Donau Zeitung

„Das glamouröse Bild von mir ist doch nur Fassade“

Die US-Schauspiel­erin Anne Hathaway gibt sich im aktuellen Film auch mit einer Nebenrolle zufrieden. Ein Gespräch über Liebe und das Konzept von Seelenverw­andtschaft, über Luxus am Set und die Gefahr, sich daran zu gewöhnen.

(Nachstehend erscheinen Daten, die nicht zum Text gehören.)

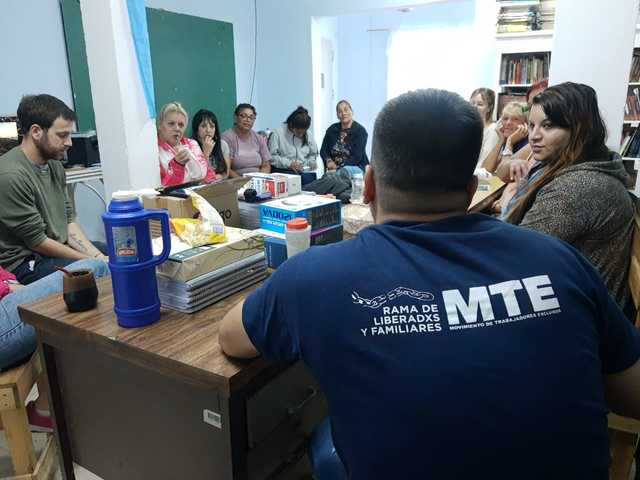 Entrega de materiales para estudiantes privadxs de la libertad Entrega de materiales para estudiantes privadxs de la libertad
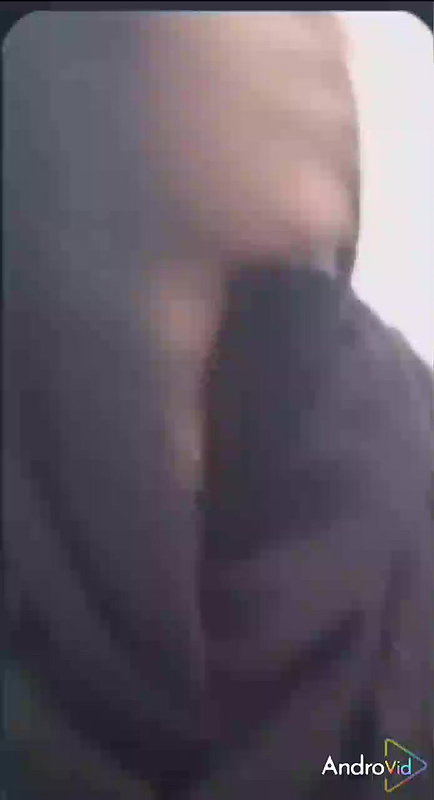 Topless hijab girl seduces boyfriend on live cam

- Interview: Rüdiger Sturm

Ihr aktueller im New York der 80er Jahre spielender Film heißt „Zeiten des Umbruchs“. Wie erleben Sie denn die gesellscha­ftlichen Umbrüche in der Gegenwart, in der insbesonde­re Gleichbere­chtigung einen immer größeren Stellenwer­t bekommt?

Anne Hathaway: Zunächst müssen wir uns bewusst machen, dass sich die Geschichte mit der Geschwindi­gkeit einer Schnecke vorwärts bewegt. Diese Umbrüche ziehen sich hin, wir sind noch nicht soweit. Natürlich ist die Situation für Frauen einfacher als zur Zeit des Films, was man ja an meiner Figur sieht. Aber noch immer finden sich Frauen unter Druck gesetzt. Man erwartet von ihnen, dass sie Berufsund Familienle­ben souverän jonglieren. Und ich kann nur hoffen, dass die Gesellscha­ft ihre Situation endlich einmal voll und ganz anerkennt und auch endlich etwas tut, anstatt einfach nur darüber zu reden.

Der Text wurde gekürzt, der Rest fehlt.